Regular $n$-gon sidelength

Question

I want to derive a side length for a regular $n$-gon inscribed in a unit circle. So, starting with $n=3$, I assigned the first point to $(1,0)$ and going counter clockwise, let the next 2 points be $\left(\cos\left(\frac{2\pi}{3}\right),\sin \left(\frac{2\pi}{3}\right)\right)$ and $\left(\cos\left(\frac{4\pi}{3}\right),\sin \left(\frac{4\pi}{3}\right)\right)$ respectively. After a few repetitions of this with other values of $n$, I found that the vertices of this particular $n$-gon were at $P_n=\left(\cos\left(\frac{(2n-2)\pi}{n}\right),\sin \left(\frac{(2n-2)\pi}{n}\right)\right),\quad n=1,2,\ldots,n.$

To get the sidelength, I use the distance formula and compute $\left\Vert P_2-P_1 \right\Vert$. That resulted in the following algebra: $$\left[\left( \cos\left( 2\frac{\pi}{n} \right)-1\right)^2 + \sin^2\left(2\frac{\pi}{n} \right) \right]^{1/2}$$ $$\left[ \cos^2\left( 2\frac{\pi}{n} \right) -2\cos\left( 2\frac{\pi}{n} \right)+1+ \sin^2 \left( 2\frac{\pi}{n} \right) \right]^{1/2}$$ $$\text{substitute } 1-\sin^2\left(2\frac{\pi}{n}\right)=\cos^2\left(2\frac{\pi}{n}\right)$$ $$\left[ 1-\sin^2\left( 2\frac{\pi}{n} \right) -2\cos\left( 2\frac{\pi}{n} \right)+1+ \sin^2 \left( 2\frac{\pi}{n} \right) \right]^{1/2}$$ $$\text{sidelength} = \left[ 2-2\cos\left(2\frac{\pi}{n}\right) \right]^{1/2}$$

When I look in Wolfram, I see the sidelength for $n$-gons in this unit circle given as $$\text{sidelength}=2\cdot \sin\frac{\pi}{n}$$ obviously with a different trig function and no square root. These two functions are not equivalent. Graphing them will convince you in an instant that they are identicle for $n\ge 1$ and wildly different for $n<1$. I would like some help in deriving the Wolfram sidelength result. I have not been able to algebraically/trig convert mine to his and suspect that it isn't possible since they are not even equal throughout.

Answer 1

You are only concerned with $n \gt 1$ where they agree.

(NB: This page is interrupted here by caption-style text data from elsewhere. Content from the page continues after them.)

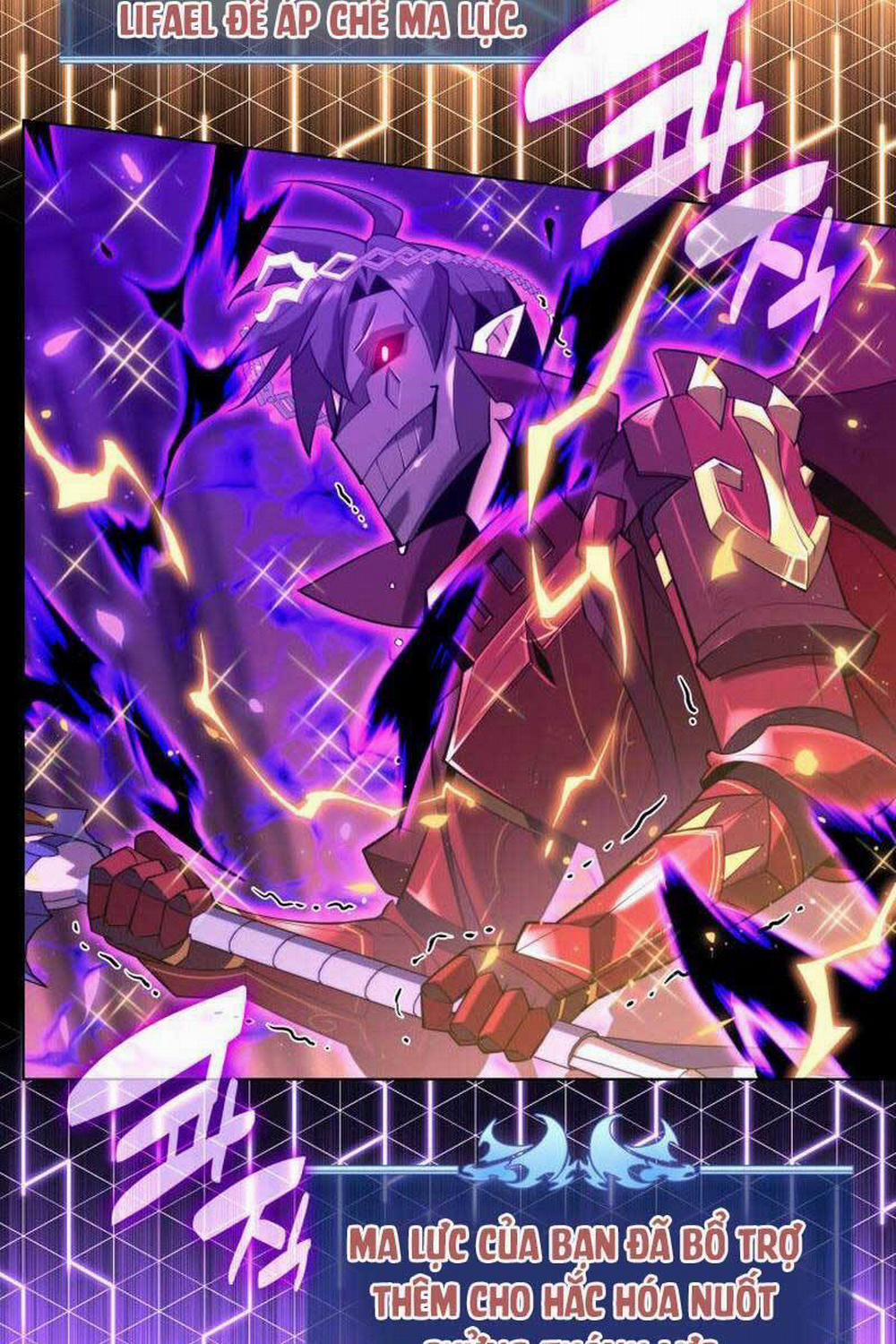 Thợ Rèn Huyền Thoại 159 trang 31
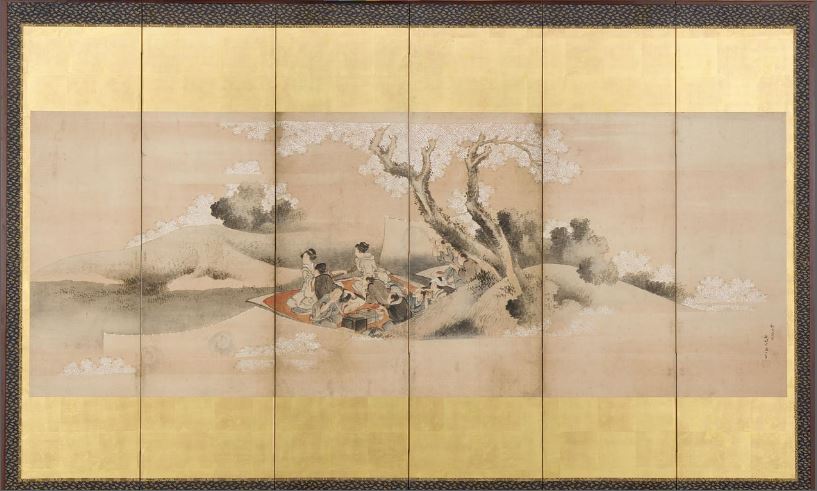 Cherry Blossom Festival Event Image
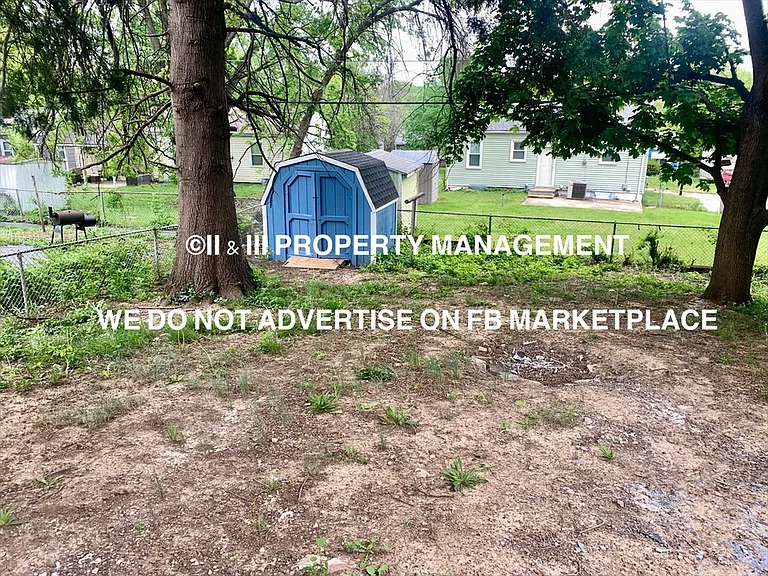 3013 S Mason Ave — Photo 22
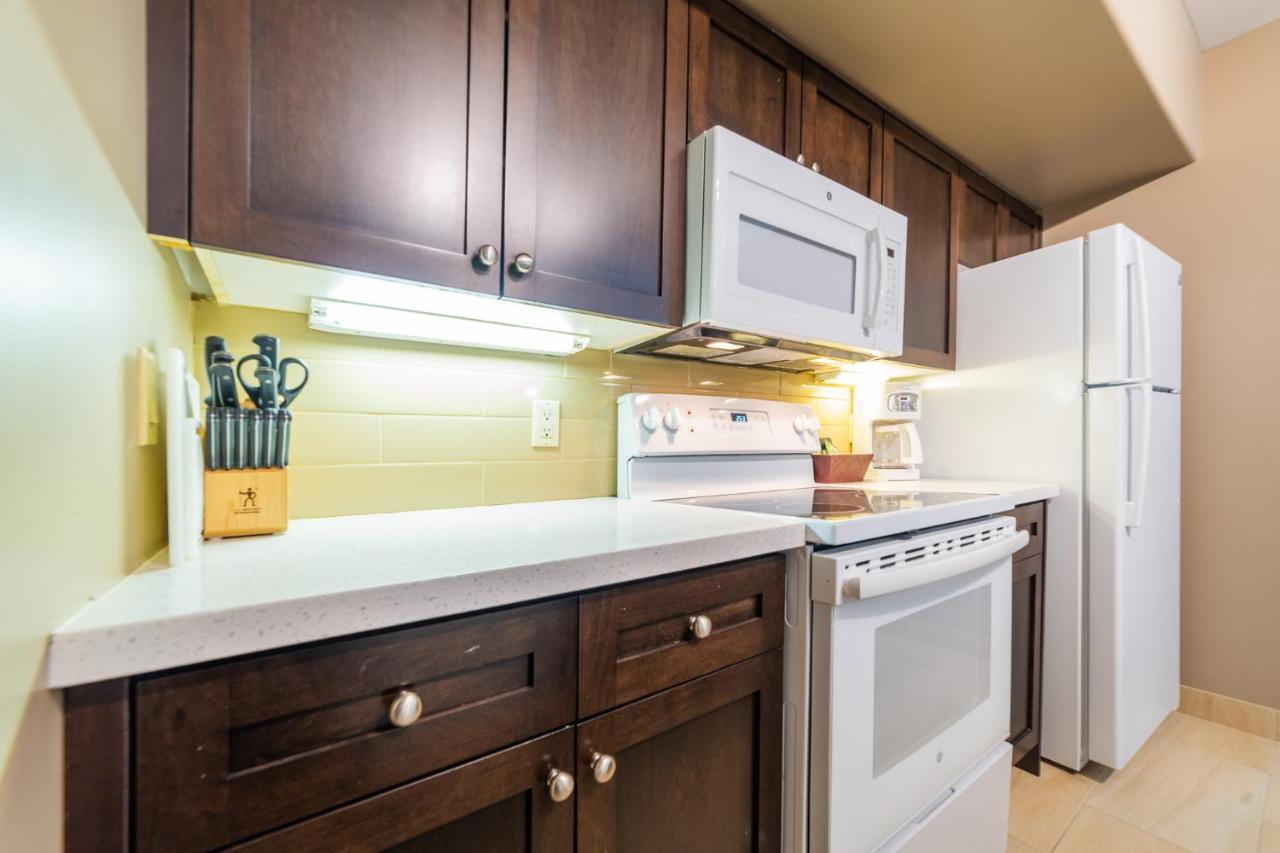 Horseshoe Valley Suites - The Aurora Shanty Bay المظهر الخارجي الصورة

Note the factor $2$ in the argument of the cosine in your expression. Then using the double angle identity we have $$\begin {align} \left[ 2-2\cos\left(2\frac{\pi}{n}\right) \right]^{1/2}&=\left[ 2-2\left(1-2\sin^2\left(\frac{\pi}{n}\right) \right) \right]^{1/2}\\ &=\left[ 4\sin^2\left(\frac{\pi}{n} \right) \right]^{1/2}\\ &=2\sin \left(\frac{\pi}{n} \right) \end {align}$$ When the sine is positive, as it is here.

Answer 2

$$ 2 - 2 \cos (2x) = \left( 2\sin x \right)^2 $$ This is a standard trigonometric identity, usually written like this: $$ \frac 1 2 - \frac 1 2 \cos(2x) = \sin^2 x $$ It is often called the sine half-angle formula.